We can conclude from above that SVM by default uses rbf kernel as a parameter for kernel

Default Polynomial kernel

In [None]:
svc=SVC(kernel='poly')
svc.fit(X_train,y_train)
y_pred=svc.predict(X_test)
print('Accuracy Score:',metrics.accuracy_score(y_test,y_pred)*100)

Accuracy Score: 95.89905362776025


### Performing K-fold cross validation with different kernels

**CV on Linear kernel**

In [None]:
from sklearn.model_selection import cross_val_score

svc=SVC(kernel='linear')
scores = cross_val_score(svc, X, y, cv=10, scoring='accuracy') # cv is cross validation
print(scores)

[0.91167192 0.97160883 0.97160883 0.97791798 0.95899054 0.9873817
 0.99369085 0.97791798 0.95253165 0.99367089]
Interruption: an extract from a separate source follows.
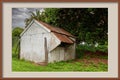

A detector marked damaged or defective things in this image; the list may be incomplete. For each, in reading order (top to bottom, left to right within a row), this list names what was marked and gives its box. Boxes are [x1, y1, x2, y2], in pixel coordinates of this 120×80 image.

rusty metal roof [37, 20, 75, 43]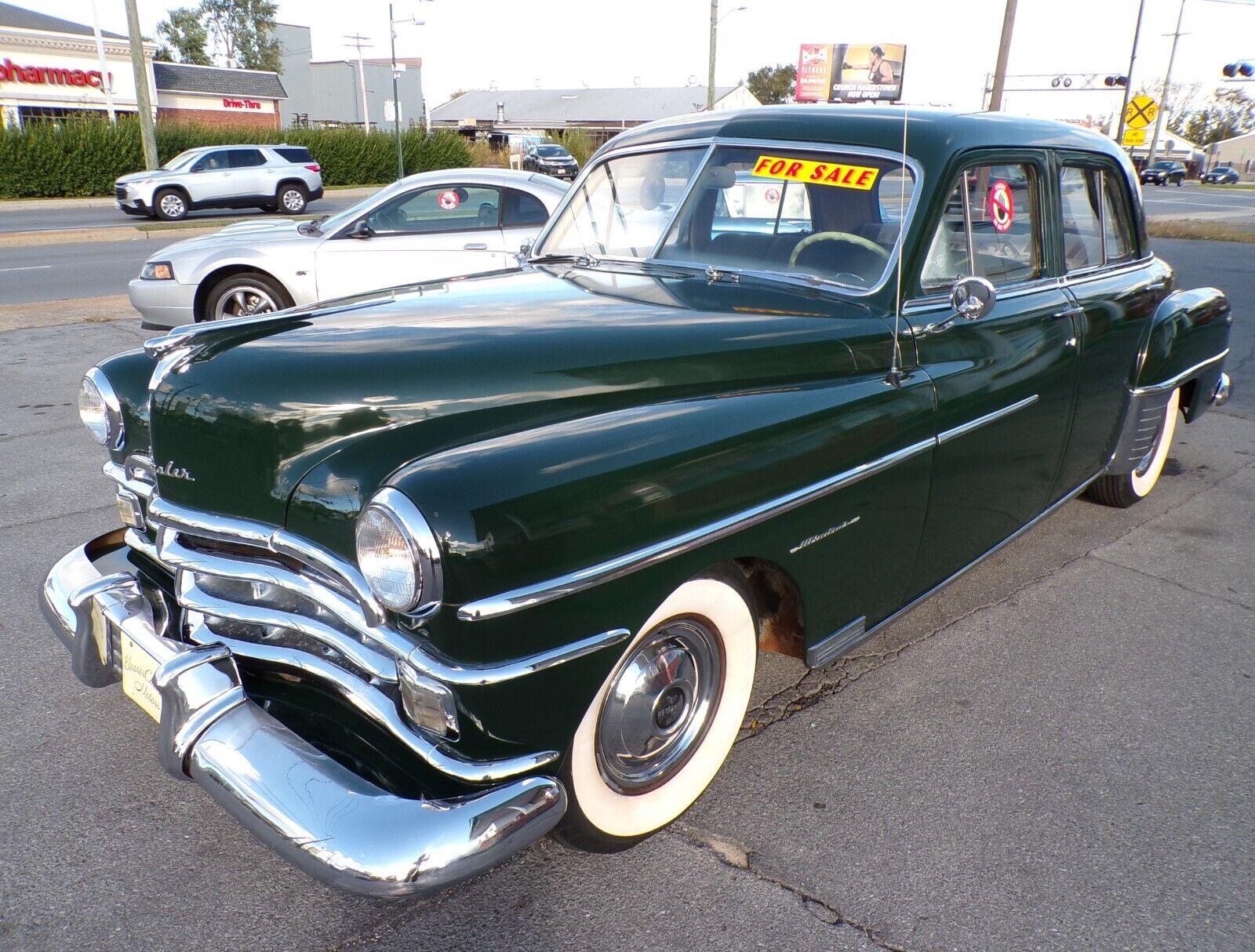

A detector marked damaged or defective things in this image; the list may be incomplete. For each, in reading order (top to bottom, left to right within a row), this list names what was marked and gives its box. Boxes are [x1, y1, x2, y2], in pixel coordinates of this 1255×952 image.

crack in asphalt [737, 461, 1250, 742]
crack in asphalt [668, 823, 913, 948]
We can see above how the accuracy score is different everytime.This shows that accuracy score depends upon how the datasets got split.

In [None]:
print(scores.mean())

0.9696991175178692


In K-fold cross validation we generally take the mean of all the scores.

**CV on rbf kernel**

In [None]:
from sklearn.model_selection import cross_val_score
svc=SVC(kernel='rbf')
scores = cross_val_score(svc, X, y, cv=10, scoring='accuracy') #cv is cross validation
print(scores)

[0.93375394 0.95583596 0.96845426 0.96214511 0.96529968 0.99684543
 0.99053628 0.98422713 0.91455696 0.99367089]


In [None]:
print(scores.mean())

0.9665325639899376


**CV on Polynomial kernel**


In [None]:
from sklearn.model_selection import cross_val_score
svc=SVC(kernel='poly')
scores = cross_val_score(svc, X, y, cv=10, scoring='accuracy') #cv is cross validation
print(scores)

[0.89274448 0.94952681 0.93059937 0.92744479 0.94952681 0.99369085
 0.98422713 0.96529968 0.87974684 0.9778481 ]


In [None]:
print(scores.mean())

0.9450654873617378


**Inference:**

When K-fold cross validation is done we can see different score in each iteration.This happens because when we use train_test_split method,the dataset get split in random manner into testing and training dataset.Thus it depends on how the dataset got split and which samples are training set and which samples are in testing set.

With K-fold cross validation we can see that the dataset got split into 10 equal parts thus covering all the data into training as well into testing set.This is the reason we got 10 different accuracy score.